Public support for climate disclosure has, broadly speaking, been strong. Recent survey research from JUST Capital, SSRS, Public Citizen, and Ceres found that 94% of Americans agree that companies should be transparent about their environmental impact and 86% support federal requirements for corporate disclosure of climate data, including strong majorities of both Democrats (97%) and Republicans (74%). In addition to strong public support for enhanced disclosure, many organizations in the ESG space, like Novata, wrote in support of the SEC’s proposed rule – including Ceres, MSCI, JUST Capital, Persefoni, and more – signaling that both the public and ESG changemakers are aligned with the SEC’s goals.
It is worth noting however, that there has also been pushback from some corporate and investment leaders, including CEOs of the Business Roundtable, who urged the SEC to revise its proposal, suggesting that the newly required disclosures (particularly around Scope 3 Emissions) would be too unwieldy for companies to collect and report and ultimately not decision-useful for investors. In the investment space, Blackrock and Nasdaq also pushed back, suggesting that the rule would increase compliance costs to investors and flood firms with data that might be difficult to compare.

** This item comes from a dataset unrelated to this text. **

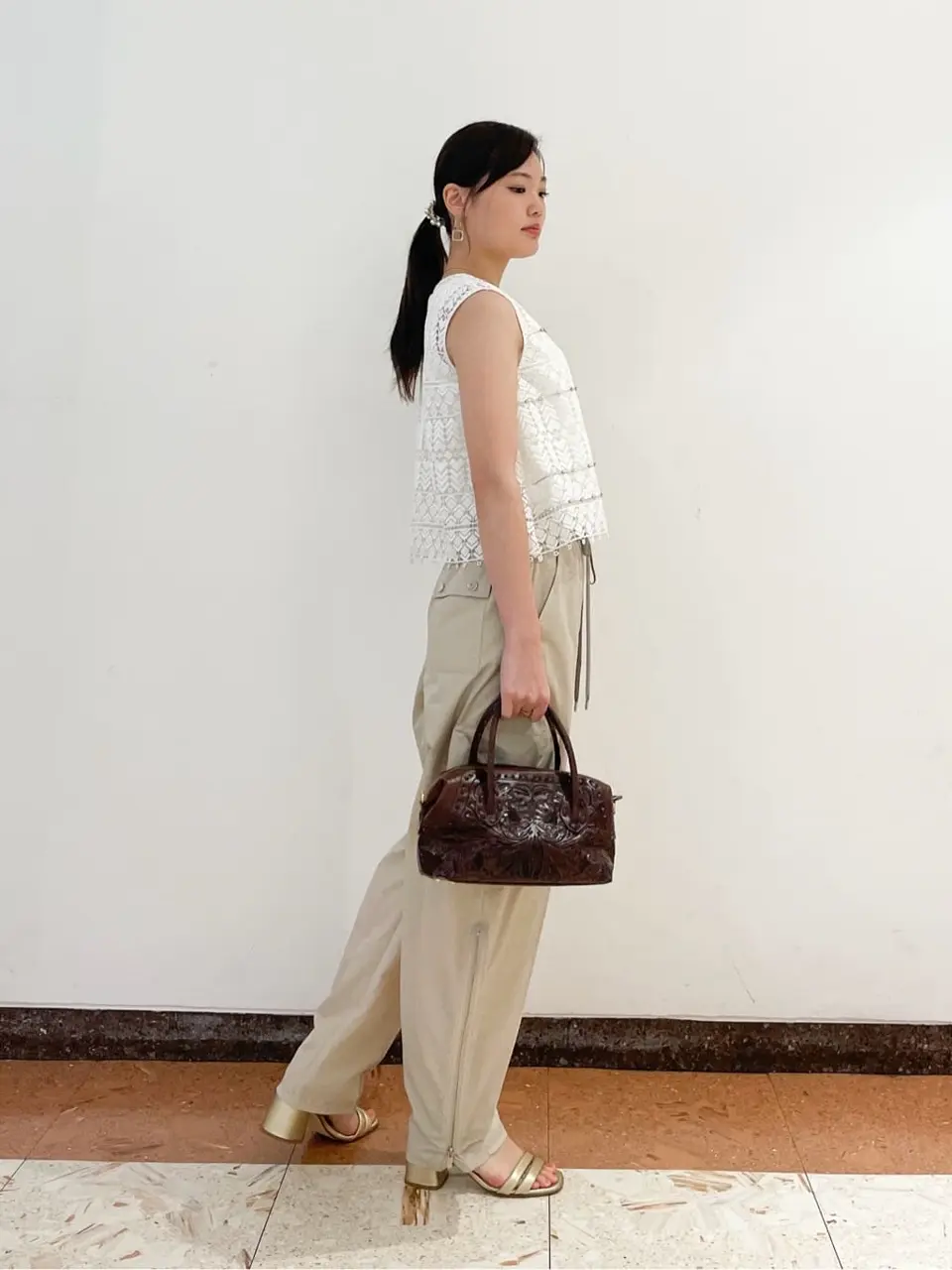 GRACE CONTINENTAL The Banquet nao コーディネート画像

There is no denying that the SEC’s proposed rule will present substantial challenges to the status quo – requiring companies and investors to adopt new practices, enhance data collection and reporting infrastructure, and integrate climate-related measures into risk assessments and decision making. As ESG disclosure shifts from a voluntary exercise to a mandatory disclosure, new players will need to engage. This includes a company’s CFO, audit committee, the board, and others, who will all need to come up the learning curve and closely review non-financial metrics. Climate-related financial disclosures are a new concept for many companies, but one that needs urgent adoption to help all stakeholders – including employees, communities, customers, and investors – understand the role that business plays in our planet’s warming. Climate-related disclosures will help companies identify and tap into opportunities to create long-term value.
Platforms like Novata’s provide the tools for corporate and investment leaders who are starting out on this journey, who may not yet have sustainability teams in place or climate reporting and risk assessment practices built into their operations. Our platform, like the SEC’s proposed climate rule, is built on existing standards from leading organizations in the ESG reporting ecosystem that many companies already use, including the GHG Protocol, the first and most widely recognized carbon accounting framework, in use since 1997.
As mandatory climate disclosure becomes increasingly prevalent around the world, it will not only be public companies asked to report emissions data, but the private companies that make up their value chains, as well. Novata’s platform allows data requesters the ability to customize the information their portfolio companies must submit, making it a viable tool for both public and private companies to build the institutional muscle of ESG data reporting. Novata encourages the companies we work with to adopt standardized ESG disclosure sooner rather than later – ensuring that companies subject to SEC disclosure are able to identify and manage climate financial risk, engage in target setting, and employ reduction strategies.
This in turn leads to stronger and more financially resilient businesses, and most importantly, helps to coalesce the data urgently needed to evaluate the environmental impacts of our planet’s largest companies. In a recent Barron’s article, Mindy Lubber, CEO of Ceres, impressed that “It isn’t any more about the future. It is about now. Climate risks are physical risks to start. They’re financial risks. They’re here, they’re costing billions of dollars.” In supporting the SEC’s proposed rule and through our ongoing efforts to support both corporate and investment leaders, Novata is working to ensure resiliency for the global economy – a goal that can only be reached by building a more sustainable future for our planet.